Exercise instructions: Reproduce only the lines of the material below that start at the line containing "Loft stílusú, uvegbúrás, antik" and stop at the line containing "Red pure cotton". Keep both end lines.

----- Records for processing

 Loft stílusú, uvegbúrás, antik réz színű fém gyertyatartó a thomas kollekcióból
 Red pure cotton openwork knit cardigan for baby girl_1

----------
----- Records for processing

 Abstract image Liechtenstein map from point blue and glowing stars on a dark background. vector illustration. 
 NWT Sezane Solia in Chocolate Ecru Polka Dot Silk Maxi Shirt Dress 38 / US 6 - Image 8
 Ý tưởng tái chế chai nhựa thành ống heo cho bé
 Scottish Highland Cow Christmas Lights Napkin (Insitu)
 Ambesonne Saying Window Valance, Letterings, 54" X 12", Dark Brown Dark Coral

----------
----- Records for processing

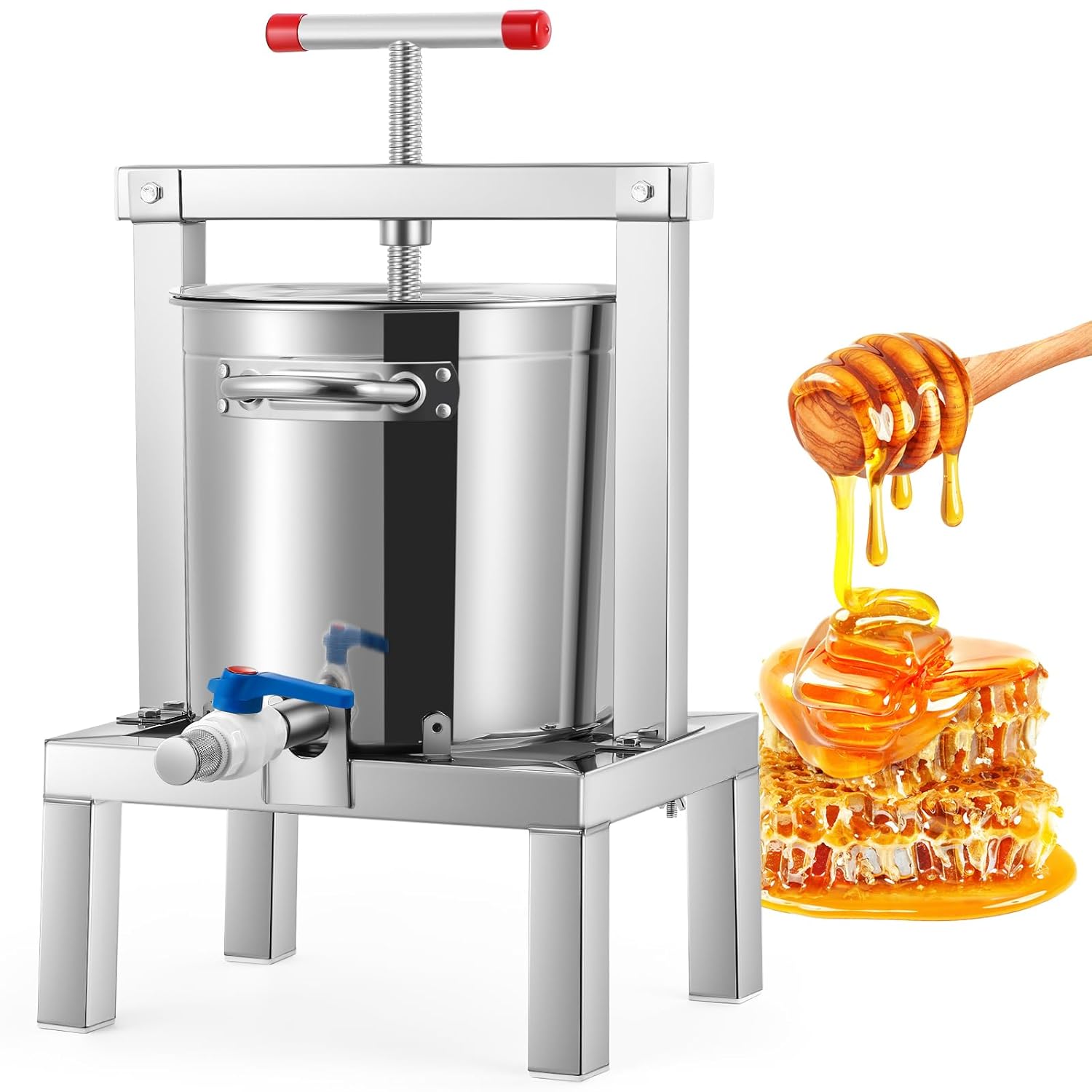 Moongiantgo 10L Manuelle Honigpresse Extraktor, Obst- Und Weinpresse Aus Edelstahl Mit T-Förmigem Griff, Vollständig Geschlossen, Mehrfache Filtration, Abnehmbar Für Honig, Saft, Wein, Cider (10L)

----------

Exercise output:
 Loft stílusú, uvegbúrás, antik réz színű fém gyertyatartó a thomas kollekcióból
 Red pure cotton openwork knit cardigan for baby girl_1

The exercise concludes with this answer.